What is needed: Your output must be the lines below from the line containing "Chanel AB Chanel" to the line containing "Grey / Beige", both lines included, reproduced exactly and without pictures.

Data:

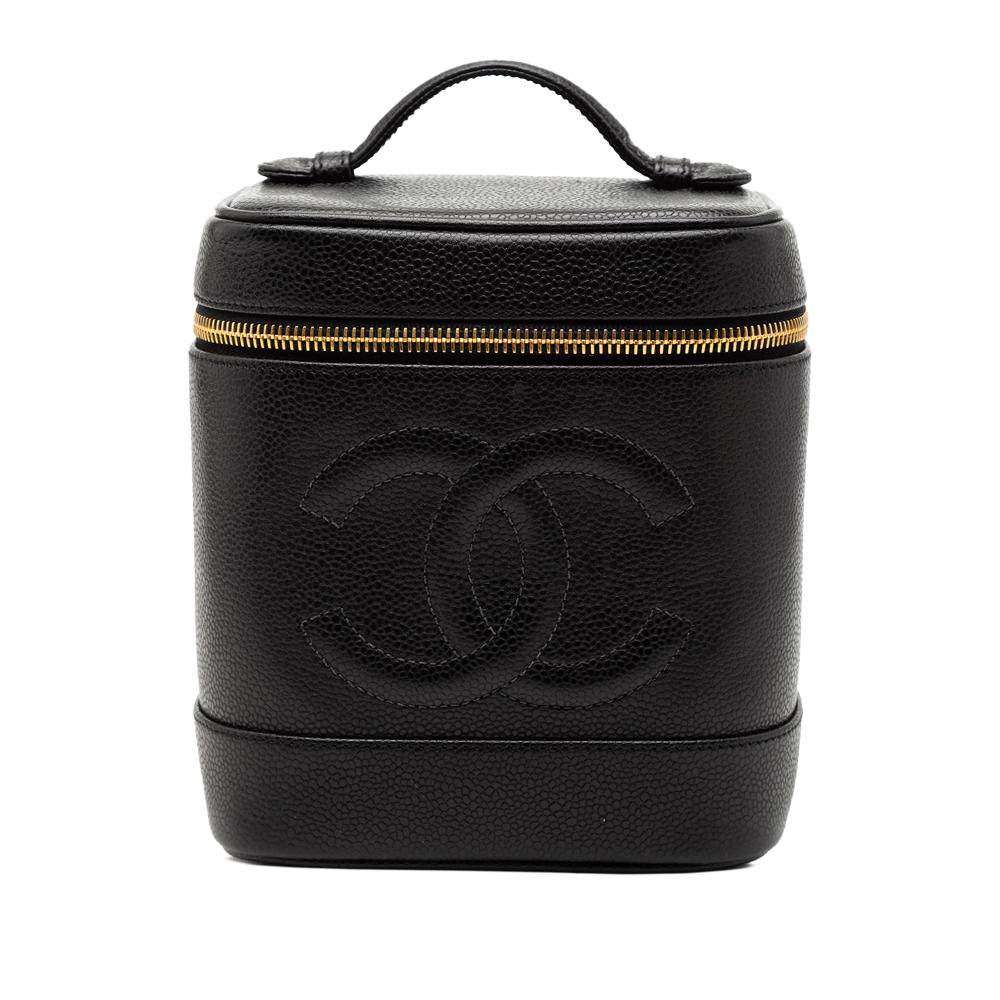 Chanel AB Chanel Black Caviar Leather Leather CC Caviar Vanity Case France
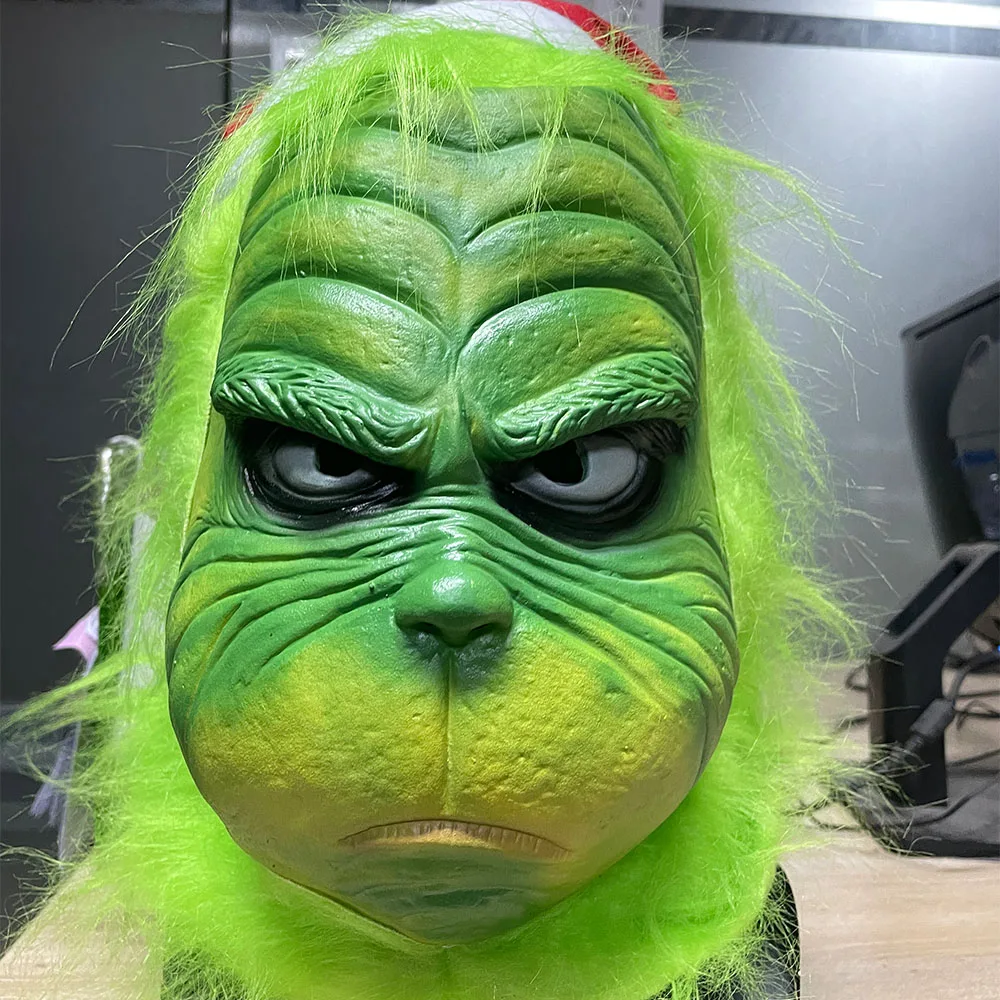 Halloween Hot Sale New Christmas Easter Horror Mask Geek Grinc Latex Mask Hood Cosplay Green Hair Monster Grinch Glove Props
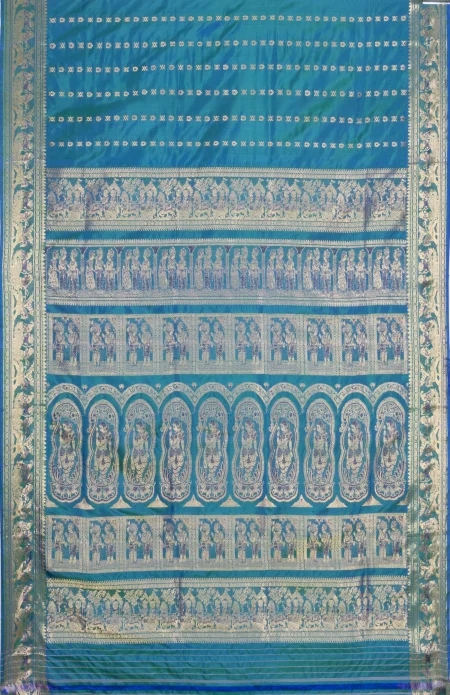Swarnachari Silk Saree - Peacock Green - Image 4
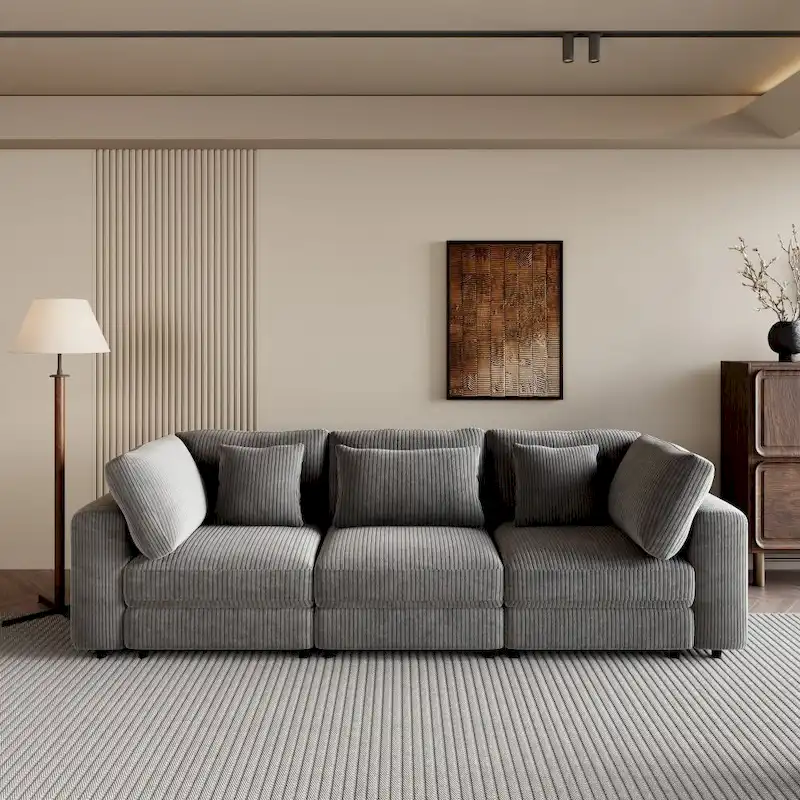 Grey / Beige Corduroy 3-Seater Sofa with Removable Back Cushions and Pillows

---

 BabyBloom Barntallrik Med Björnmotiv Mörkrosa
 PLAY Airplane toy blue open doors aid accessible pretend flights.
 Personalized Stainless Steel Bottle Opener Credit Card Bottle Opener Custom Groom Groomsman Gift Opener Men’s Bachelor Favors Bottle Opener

--

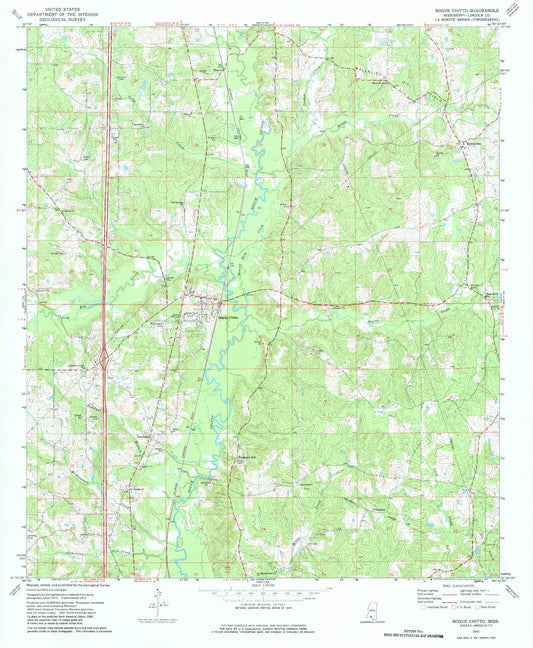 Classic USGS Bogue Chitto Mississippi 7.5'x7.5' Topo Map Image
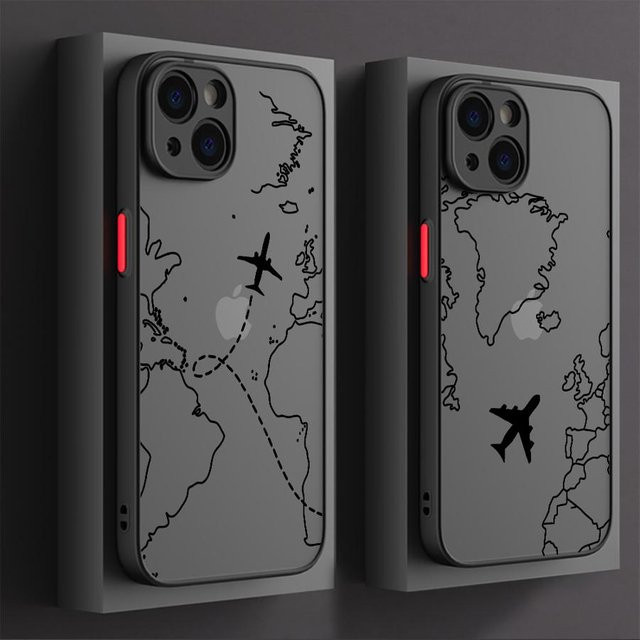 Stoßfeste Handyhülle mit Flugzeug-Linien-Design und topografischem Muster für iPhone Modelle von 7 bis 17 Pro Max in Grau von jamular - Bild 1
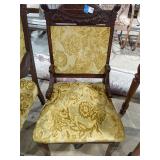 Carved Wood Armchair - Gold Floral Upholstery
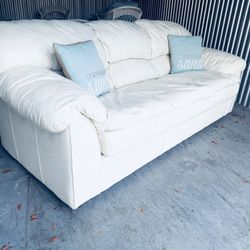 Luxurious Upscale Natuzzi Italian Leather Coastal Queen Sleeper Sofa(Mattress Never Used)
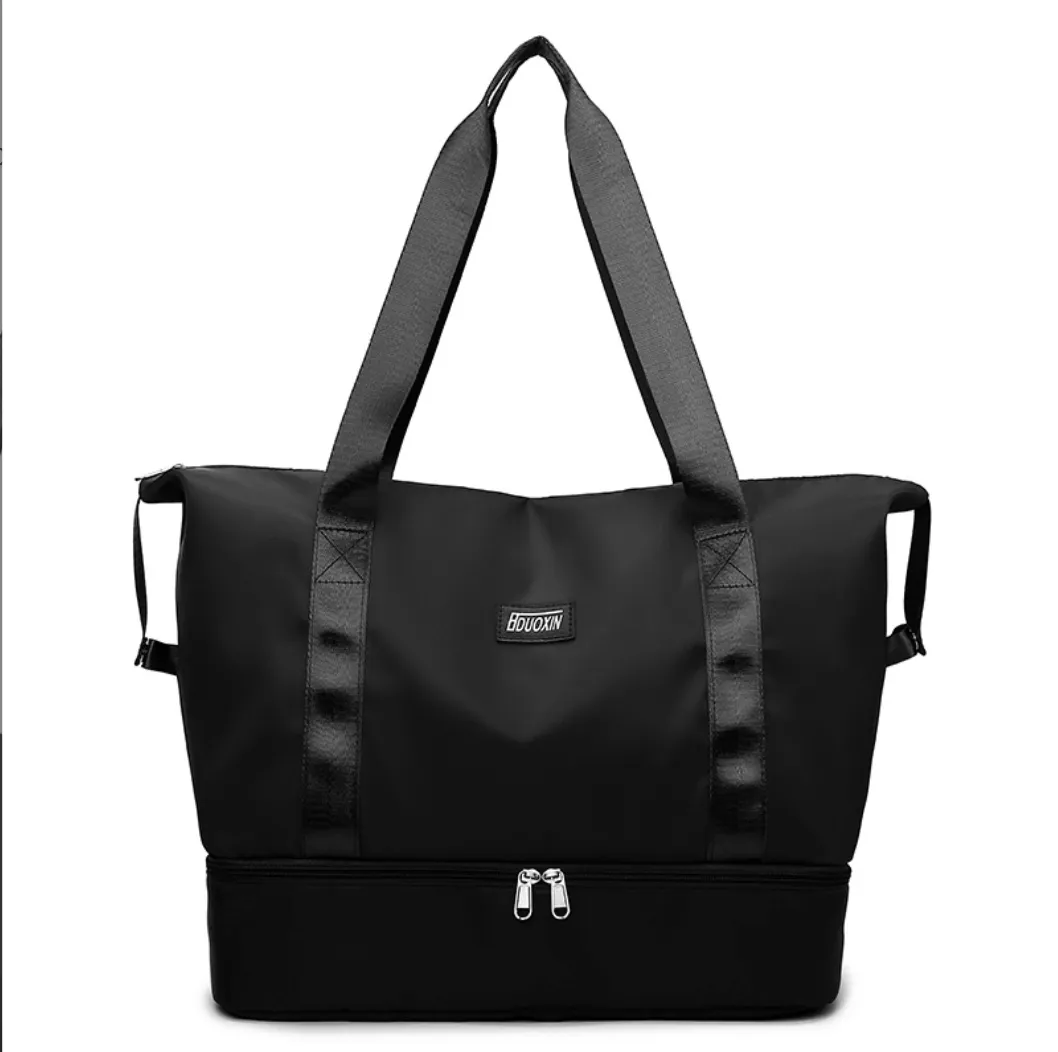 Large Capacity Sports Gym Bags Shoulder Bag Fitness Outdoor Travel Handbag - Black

Output below:
 Chanel AB Chanel Black Caviar Leather Leather CC Caviar Vanity Case France
 Halloween Hot Sale New Christmas Easter Horror Mask Geek Grinc Latex Mask Hood Cosplay Green Hair Monster Grinch Glove Props
Swarnachari Silk Saree - Peacock Green - Image 4
 Grey / Beige Corduroy 3-Seater Sofa with Removable Back Cushions and Pillows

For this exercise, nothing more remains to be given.